In an encouraging development, State Auditor Pat McCarthy is conducting a performance audit of Sound Transit.

Performance audits are done to ensure that tax dollars are spent as cost-effectively as possible. They are authorized under Initiative 900, a measure voters approved in 2005 that dedicates 0.16 percent of the state sales tax to fund these audits of state and local government.

Such reviews should be done regularly for Sound Transit, the most expensive public project in Washington history. They are especially needed for an agency that missed cost estimates by nearly $1 billion over the last two years.

Last July, Sound Transit disclosed that extending light rail to Federal Way would be $460 million over budget, with estimates rising to $2.55 billion.

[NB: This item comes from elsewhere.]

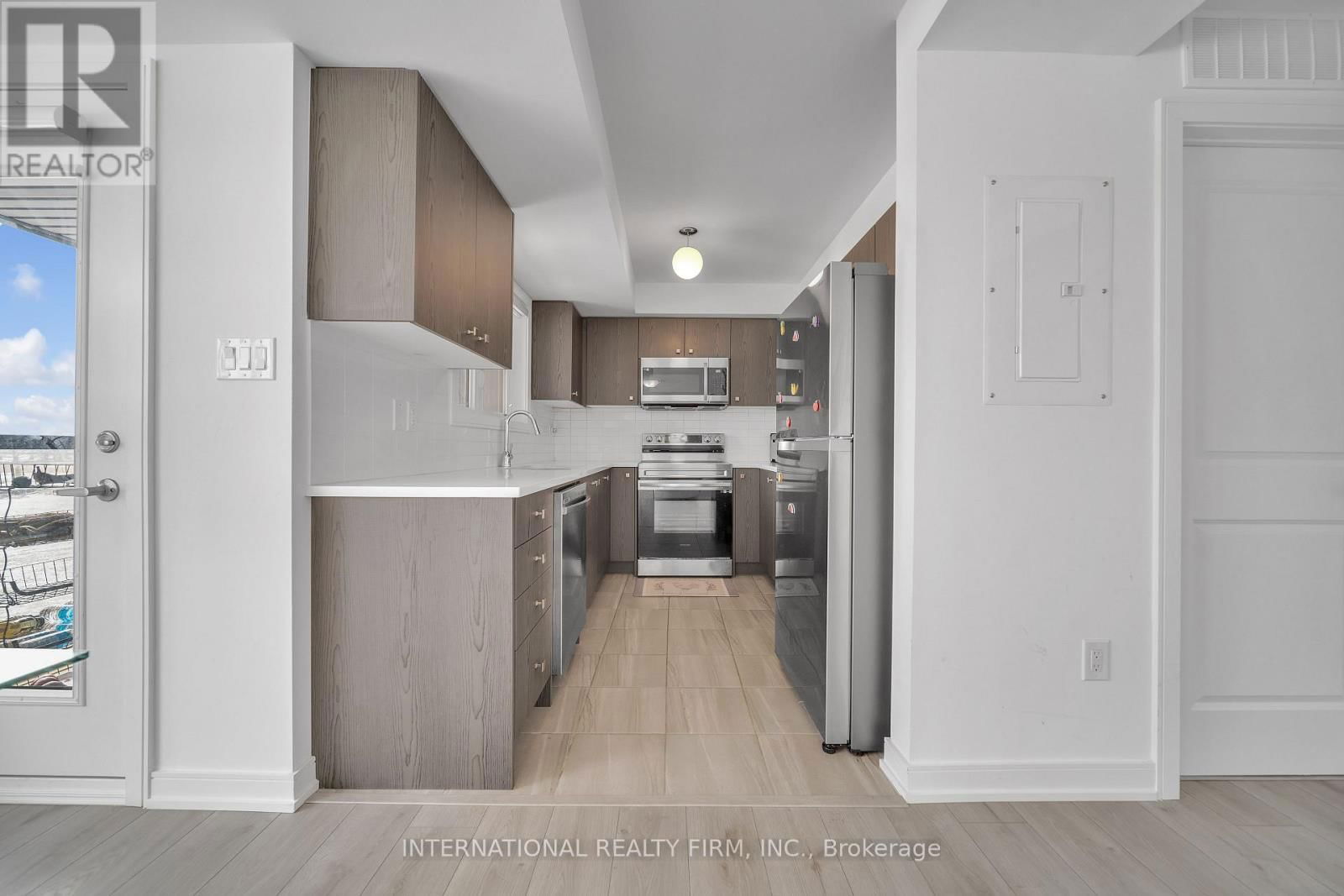 58 APPLETREE LANE Image 20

A year earlier, the agency disclosed that its Lynnwood rail extension was $510 million over budget. Then it found $200 million worth of savings. That still left a $300 million shortfall and raised questions about the agency’s cost estimating, how much fat was included in projects and how much cost risk was disclosed to voters in 2016. That’s when  they decided to give Sound Transit another $54 billion.

Simultaneously, some voters and legislators took issue with the agency’s use of an outdated and inaccurate method to calculate vehicle-licensing fees. Then there’s the ongoing question of whether Sound Transit’s board should be directly elected, to be more accountable to voters.

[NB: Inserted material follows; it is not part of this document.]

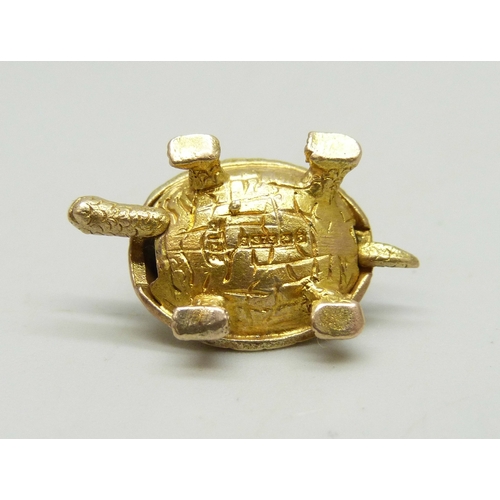 7003 - A 9ct gold charm in the form of a tortoise with articulated head and tail, hallmarked, 2.7g, 2.1cm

These are all topics  that could be addressed by the performance audit.

Under state law, performance audits must identify cost savings and whether any services can be reduced or eliminated. They must analyze gaps or overlaps in programs, the feasibility of pooling technology systems and whether any agency roles and functions are redundant. Audits must also analyze performance data, performance measures and self-assessment systems, and identify best practices.

This analysis should be welcomed by Sound Transit skeptics and advocates alike. Identifying waste makes dollars building and operating the transit system go further. Audits also build trust through accountability and transparency.

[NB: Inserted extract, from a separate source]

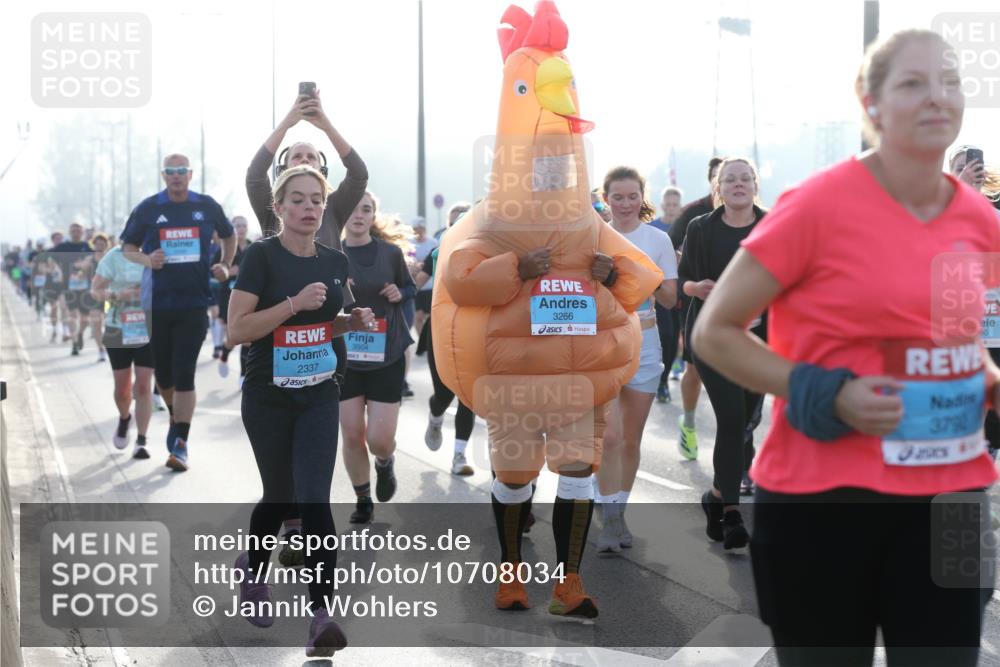 03.10.2026 - Köhlbrandbrückenlauf Jannik Wohlers http://msf.ph/oto/10708034 03.10.2026 09:27:17 Position 3 2337, 3504, 3266, 379, 90 meine-sportfotos.de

The state’s last performance audit of Sound Transit, in 2012, looked at management of its capital spending program, spending contingency plans, the role of its citizen-oversight panel, changes made to the ST2 plan presented to voters and the reliability of ridership forecasts. It found the plan changes acceptable but questioned forecast reliability. It also raised concerns about the transparency, potential bias and influence of the oversight panel.

A previous performance audit, in 2007, found $5 million worth of unnecessary costs and identified several areas of concern, including a lack of formal procedures for evaluating consultant performance. Accountability of consultants is important, especially since some helped fund and lead the political group, Transportation Choices Coalition, that led the campaign for ST3.

That 2007 audit sought to answer questions that are just as relevant in 2019: Is Sound Transit effectively planning, designing and managing Link Light Rail to minimize all costs associated with the project, minimize unnecessary change orders and delays that increase costs, and ensure the project most closely resembles the project approved by voters? This knowledge is particularly needed as Sound Transit firms up its breathtakingly complex and costly plans for new rail lines through and beneath central Seattle.


McCarthy is a former chair of Sound Transit. Assuming she harbors no loyalty, her insight into the agency’s organization and culture could make the audit even stronger. This audit is also an opportunity to demonstrate the chops of Scott Frank, a national leader in performance auditing McCarthy hired away from Kansas last year.

With Sound Transit’s spending and agenda dramatically larger than it was in 2012, it’s past time for another scrub.

The public eagerly awaits what should be the most thorough and expansive performance audit of Sound Transit to date.